*Task goal*. Write out every entry exactly as given, but omit the pictures.

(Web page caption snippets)
+ + + + + + +

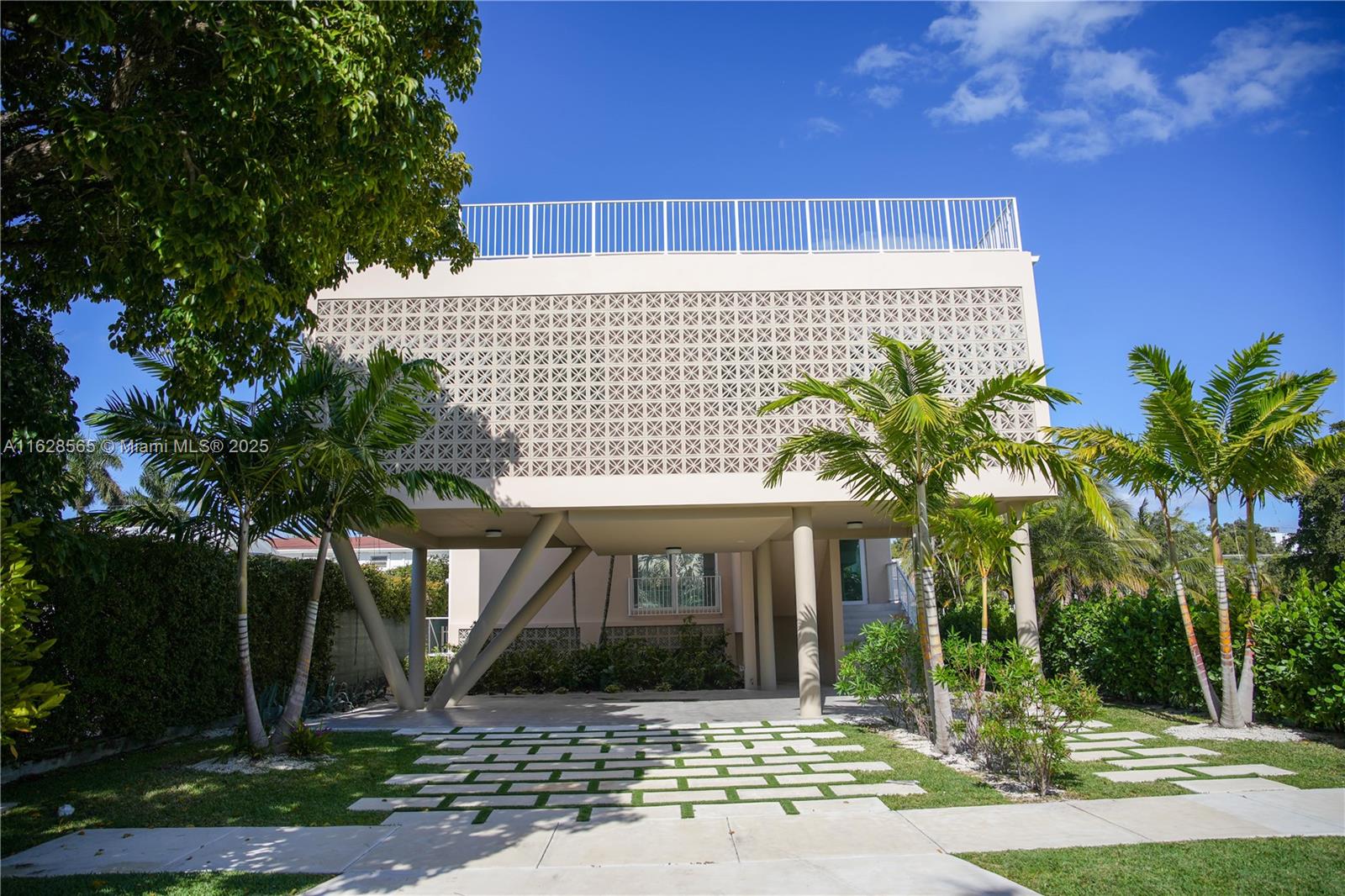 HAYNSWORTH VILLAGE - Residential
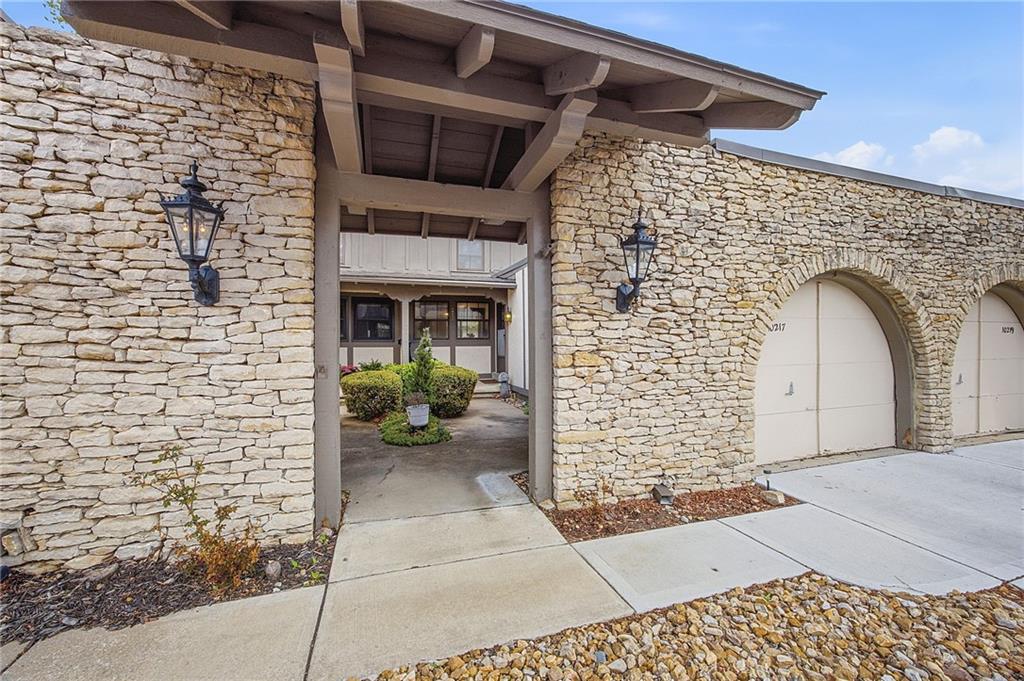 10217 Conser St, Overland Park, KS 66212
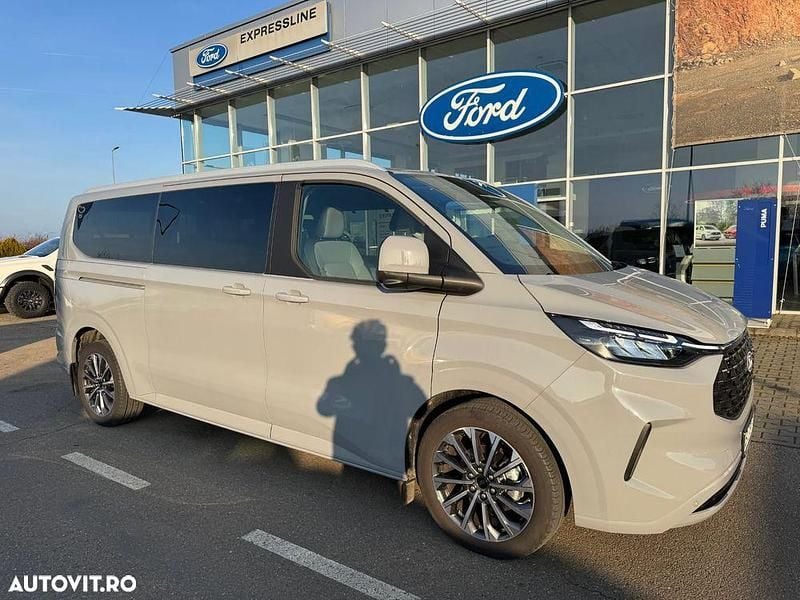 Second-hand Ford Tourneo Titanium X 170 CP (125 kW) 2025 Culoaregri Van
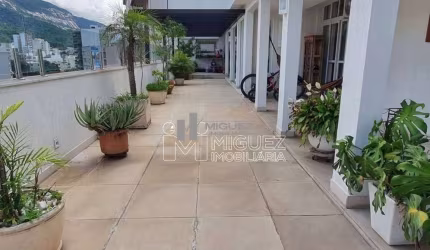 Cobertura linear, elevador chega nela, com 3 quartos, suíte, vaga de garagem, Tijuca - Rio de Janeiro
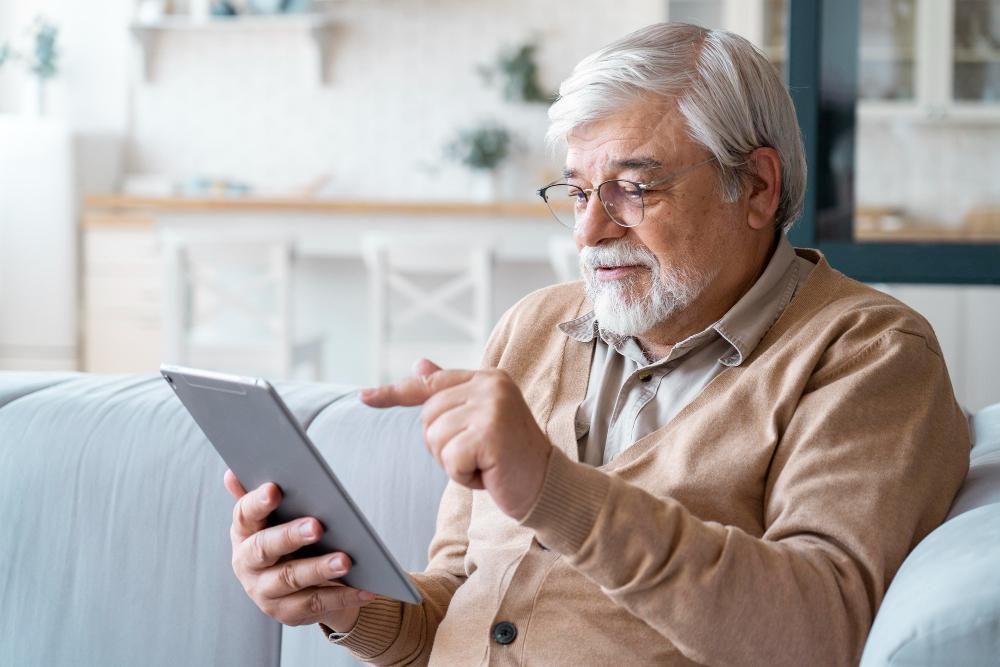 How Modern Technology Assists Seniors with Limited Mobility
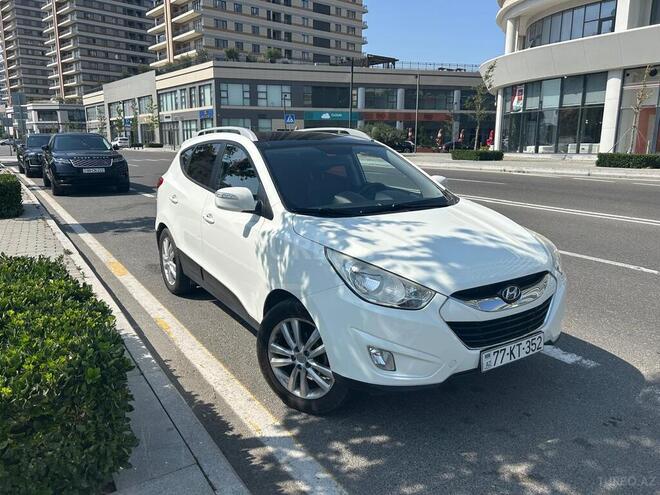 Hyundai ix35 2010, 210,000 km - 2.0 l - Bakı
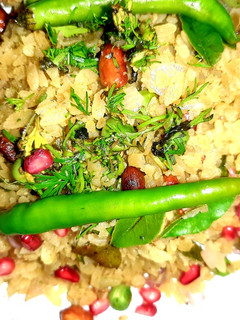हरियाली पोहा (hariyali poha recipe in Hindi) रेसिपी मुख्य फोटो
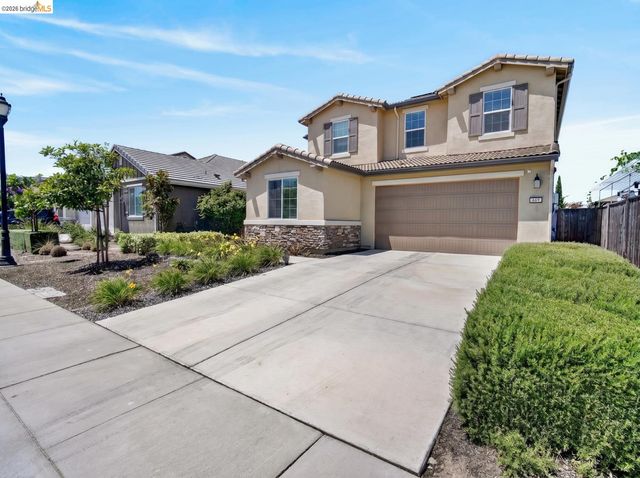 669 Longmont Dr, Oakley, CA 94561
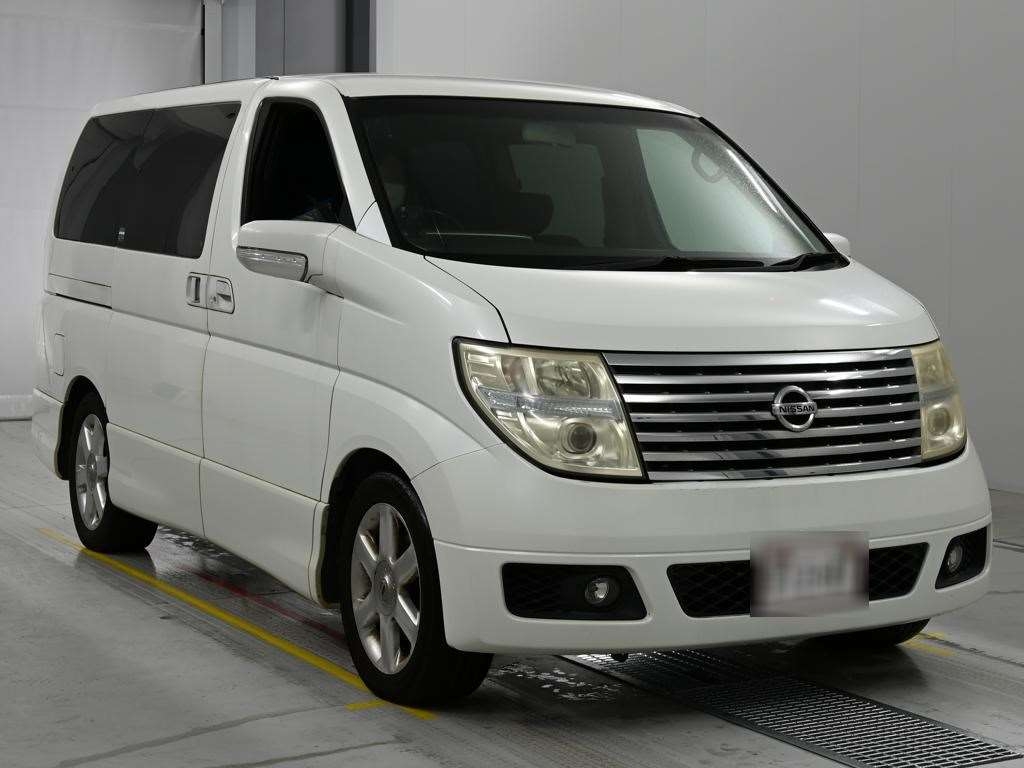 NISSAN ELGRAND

+ + + + + + +

*Answer for this exercise*.
 HAYNSWORTH VILLAGE - Residential
 10217 Conser St, Overland Park, KS 66212
 Second-hand Ford Tourneo Titanium X 170 CP (125 kW) 2025 Culoaregri Van
 Cobertura linear, elevador chega nela, com 3 quartos, suíte, vaga de garagem, Tijuca - Rio de Janeiro
 How Modern Technology Assists Seniors with Limited Mobility
 Hyundai ix35 2010, 210,000 km - 2.0 l - Bakı
हरियाली पोहा (hariyali poha recipe in Hindi) रेसिपी मुख्य फोटो
 669 Longmont Dr, Oakley, CA 94561
 NISSAN ELGRAND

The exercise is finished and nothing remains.